(BRIEF) Count how many lines below include the string "minh", and give that number without anything else.

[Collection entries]
== Segment start ==

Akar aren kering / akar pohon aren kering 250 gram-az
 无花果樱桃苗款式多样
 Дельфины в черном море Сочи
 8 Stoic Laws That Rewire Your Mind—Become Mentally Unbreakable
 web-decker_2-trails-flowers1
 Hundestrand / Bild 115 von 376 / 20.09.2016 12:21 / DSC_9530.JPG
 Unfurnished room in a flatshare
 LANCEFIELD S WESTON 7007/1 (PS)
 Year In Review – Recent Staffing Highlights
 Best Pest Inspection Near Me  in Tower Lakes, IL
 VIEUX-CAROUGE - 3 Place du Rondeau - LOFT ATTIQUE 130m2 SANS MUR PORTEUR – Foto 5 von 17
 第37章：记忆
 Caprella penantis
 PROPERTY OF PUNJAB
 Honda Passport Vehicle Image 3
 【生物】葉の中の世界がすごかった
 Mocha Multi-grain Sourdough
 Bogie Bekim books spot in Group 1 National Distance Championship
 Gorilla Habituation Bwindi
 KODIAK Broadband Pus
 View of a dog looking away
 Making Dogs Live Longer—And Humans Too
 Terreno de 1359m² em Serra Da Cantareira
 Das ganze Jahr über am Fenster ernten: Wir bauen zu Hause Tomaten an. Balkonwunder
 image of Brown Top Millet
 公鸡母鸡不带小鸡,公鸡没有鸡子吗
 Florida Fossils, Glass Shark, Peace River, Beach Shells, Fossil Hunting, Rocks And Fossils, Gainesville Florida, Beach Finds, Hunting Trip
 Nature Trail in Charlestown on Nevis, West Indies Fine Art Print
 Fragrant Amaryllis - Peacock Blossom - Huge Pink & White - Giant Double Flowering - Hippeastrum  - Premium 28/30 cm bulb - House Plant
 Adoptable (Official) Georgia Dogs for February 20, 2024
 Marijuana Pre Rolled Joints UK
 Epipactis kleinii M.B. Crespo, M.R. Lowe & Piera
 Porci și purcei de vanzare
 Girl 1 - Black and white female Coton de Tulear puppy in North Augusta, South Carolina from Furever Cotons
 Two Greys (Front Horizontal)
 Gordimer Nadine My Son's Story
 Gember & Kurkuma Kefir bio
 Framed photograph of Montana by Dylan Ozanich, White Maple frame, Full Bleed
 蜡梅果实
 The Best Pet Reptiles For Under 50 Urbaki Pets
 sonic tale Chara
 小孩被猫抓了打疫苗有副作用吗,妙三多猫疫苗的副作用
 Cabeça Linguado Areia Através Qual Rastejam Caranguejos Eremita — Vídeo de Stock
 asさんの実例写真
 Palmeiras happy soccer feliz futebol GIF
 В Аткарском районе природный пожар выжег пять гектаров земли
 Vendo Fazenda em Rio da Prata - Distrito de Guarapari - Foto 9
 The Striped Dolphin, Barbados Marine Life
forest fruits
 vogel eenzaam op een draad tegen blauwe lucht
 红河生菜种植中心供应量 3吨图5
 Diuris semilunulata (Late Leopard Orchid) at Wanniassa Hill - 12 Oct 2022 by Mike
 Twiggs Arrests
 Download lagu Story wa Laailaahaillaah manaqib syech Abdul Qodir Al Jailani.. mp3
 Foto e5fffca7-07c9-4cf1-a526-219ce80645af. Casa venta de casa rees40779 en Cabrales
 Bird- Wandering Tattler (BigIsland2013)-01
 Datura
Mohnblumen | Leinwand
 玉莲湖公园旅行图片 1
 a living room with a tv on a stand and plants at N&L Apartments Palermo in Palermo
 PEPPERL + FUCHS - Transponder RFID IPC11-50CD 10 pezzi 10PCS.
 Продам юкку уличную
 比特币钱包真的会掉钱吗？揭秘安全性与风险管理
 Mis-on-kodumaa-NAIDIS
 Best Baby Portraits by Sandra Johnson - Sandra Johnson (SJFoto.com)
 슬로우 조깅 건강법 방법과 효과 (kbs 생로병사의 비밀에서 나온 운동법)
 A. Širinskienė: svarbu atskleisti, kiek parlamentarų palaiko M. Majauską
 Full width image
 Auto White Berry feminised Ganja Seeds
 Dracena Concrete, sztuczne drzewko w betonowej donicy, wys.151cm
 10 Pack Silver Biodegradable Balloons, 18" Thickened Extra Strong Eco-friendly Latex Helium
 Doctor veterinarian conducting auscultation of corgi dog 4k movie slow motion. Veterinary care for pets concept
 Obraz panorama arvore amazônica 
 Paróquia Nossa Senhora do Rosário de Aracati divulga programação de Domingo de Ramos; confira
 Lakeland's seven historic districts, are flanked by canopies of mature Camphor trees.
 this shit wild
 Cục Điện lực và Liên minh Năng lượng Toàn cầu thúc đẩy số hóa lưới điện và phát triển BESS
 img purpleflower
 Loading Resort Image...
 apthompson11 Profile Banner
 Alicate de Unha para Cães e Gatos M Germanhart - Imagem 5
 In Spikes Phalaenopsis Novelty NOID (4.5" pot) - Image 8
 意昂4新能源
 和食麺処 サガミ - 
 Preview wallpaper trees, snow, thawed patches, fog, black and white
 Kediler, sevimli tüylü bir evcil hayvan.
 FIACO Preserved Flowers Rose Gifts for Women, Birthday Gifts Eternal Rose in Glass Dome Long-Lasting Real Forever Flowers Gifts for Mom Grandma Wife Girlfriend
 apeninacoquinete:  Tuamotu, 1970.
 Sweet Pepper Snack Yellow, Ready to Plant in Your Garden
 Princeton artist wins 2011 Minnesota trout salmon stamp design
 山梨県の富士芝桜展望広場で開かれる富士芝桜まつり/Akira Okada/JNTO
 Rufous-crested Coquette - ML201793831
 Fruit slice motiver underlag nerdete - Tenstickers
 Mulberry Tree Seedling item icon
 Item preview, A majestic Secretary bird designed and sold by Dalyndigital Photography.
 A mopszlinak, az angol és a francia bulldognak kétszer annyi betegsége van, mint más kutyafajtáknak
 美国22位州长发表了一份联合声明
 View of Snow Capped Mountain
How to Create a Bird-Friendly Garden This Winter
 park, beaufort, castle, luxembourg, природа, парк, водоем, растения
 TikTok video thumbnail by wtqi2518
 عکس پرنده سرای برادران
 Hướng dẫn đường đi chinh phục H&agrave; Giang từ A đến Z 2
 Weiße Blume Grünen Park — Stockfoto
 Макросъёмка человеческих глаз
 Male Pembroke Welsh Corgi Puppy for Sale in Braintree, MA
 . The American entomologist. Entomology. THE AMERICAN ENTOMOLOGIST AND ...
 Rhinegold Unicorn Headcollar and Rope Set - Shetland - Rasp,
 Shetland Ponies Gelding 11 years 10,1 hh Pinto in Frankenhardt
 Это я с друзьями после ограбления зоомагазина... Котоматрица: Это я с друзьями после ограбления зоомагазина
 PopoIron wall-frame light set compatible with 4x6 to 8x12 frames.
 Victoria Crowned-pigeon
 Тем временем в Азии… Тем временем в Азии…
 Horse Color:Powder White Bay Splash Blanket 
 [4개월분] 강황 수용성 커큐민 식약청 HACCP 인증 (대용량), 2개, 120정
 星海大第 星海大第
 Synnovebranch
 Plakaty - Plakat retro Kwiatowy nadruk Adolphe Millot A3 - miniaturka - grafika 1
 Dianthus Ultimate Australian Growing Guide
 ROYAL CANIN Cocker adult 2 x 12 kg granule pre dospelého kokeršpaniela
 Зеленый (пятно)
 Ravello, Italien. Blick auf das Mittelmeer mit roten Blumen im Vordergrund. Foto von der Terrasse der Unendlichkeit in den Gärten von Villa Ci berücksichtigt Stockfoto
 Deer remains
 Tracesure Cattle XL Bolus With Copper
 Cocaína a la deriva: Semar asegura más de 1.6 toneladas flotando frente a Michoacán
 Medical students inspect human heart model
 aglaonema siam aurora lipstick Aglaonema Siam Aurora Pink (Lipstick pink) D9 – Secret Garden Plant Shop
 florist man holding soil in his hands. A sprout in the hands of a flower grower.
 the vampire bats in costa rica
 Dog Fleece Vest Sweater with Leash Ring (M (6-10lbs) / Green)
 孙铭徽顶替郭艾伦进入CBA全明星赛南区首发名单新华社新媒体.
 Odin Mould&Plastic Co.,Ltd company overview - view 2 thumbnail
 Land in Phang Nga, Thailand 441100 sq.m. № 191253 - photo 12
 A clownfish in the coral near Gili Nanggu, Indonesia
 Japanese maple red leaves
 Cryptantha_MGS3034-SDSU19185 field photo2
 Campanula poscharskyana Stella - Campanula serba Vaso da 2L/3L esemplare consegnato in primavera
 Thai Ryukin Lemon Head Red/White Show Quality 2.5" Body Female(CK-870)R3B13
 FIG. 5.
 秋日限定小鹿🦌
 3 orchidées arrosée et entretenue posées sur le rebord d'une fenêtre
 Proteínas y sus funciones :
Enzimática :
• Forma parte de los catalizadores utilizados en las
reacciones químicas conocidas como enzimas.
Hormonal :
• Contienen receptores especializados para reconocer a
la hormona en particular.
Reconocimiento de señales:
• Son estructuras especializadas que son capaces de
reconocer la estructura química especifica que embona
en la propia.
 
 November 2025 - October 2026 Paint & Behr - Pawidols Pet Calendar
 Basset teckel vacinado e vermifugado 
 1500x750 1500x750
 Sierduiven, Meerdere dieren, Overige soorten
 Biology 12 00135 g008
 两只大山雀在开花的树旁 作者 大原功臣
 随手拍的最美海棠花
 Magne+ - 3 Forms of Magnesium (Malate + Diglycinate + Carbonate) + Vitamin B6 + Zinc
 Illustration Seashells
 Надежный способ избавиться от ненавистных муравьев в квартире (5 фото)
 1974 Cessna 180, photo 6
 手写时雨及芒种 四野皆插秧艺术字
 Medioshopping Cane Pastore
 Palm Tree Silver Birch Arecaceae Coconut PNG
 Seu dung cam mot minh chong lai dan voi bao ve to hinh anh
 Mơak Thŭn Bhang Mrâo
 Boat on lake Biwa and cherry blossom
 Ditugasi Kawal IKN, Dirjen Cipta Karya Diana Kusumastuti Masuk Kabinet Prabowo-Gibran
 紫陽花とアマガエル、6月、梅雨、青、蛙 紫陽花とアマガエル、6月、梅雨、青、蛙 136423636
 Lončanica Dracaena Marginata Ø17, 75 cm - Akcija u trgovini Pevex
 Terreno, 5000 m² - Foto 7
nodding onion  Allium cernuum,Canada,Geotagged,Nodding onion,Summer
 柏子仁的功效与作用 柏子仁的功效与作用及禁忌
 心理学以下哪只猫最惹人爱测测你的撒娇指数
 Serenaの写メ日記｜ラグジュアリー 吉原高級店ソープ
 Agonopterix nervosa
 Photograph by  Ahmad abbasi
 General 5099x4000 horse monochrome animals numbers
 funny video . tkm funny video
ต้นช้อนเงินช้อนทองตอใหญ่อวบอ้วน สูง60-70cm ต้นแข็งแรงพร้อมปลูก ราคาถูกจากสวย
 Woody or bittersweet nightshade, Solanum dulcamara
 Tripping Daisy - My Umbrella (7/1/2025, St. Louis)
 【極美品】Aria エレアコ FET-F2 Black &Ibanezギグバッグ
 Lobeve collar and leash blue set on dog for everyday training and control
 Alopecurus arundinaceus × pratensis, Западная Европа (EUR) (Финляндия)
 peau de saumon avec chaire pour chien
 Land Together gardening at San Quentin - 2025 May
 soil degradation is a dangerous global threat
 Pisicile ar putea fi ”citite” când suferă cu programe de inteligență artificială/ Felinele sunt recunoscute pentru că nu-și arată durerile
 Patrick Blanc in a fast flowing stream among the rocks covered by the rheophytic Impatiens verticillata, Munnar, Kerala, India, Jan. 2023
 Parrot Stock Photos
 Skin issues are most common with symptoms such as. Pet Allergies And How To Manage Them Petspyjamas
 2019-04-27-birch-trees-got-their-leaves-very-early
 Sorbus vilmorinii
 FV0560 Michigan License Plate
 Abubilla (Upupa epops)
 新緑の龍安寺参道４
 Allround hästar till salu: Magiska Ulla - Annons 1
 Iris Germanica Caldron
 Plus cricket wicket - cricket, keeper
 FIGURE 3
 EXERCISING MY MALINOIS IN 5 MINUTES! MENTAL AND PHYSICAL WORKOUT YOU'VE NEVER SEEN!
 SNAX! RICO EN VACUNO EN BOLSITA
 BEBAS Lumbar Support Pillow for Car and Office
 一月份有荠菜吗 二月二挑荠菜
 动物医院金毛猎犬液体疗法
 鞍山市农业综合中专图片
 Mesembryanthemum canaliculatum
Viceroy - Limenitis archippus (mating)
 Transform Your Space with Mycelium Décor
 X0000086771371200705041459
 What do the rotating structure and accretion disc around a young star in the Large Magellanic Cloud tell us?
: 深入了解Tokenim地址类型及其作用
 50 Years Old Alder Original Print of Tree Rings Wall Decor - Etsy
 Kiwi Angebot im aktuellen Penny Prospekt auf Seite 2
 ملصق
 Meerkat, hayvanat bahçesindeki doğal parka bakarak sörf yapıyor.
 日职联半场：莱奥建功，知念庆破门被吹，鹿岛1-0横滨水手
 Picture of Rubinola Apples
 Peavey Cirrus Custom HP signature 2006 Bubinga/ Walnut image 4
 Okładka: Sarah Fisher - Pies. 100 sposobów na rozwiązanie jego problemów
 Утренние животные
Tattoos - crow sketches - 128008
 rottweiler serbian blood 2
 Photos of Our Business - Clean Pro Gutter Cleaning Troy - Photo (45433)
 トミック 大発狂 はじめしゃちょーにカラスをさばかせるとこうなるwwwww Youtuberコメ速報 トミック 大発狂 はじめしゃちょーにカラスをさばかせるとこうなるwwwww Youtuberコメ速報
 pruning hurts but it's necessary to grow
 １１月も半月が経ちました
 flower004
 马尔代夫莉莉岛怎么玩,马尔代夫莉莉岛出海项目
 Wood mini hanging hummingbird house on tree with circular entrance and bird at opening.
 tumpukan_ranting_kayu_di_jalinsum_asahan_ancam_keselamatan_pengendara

== Segment end ==

(RESPONSE TO THE TASK) 2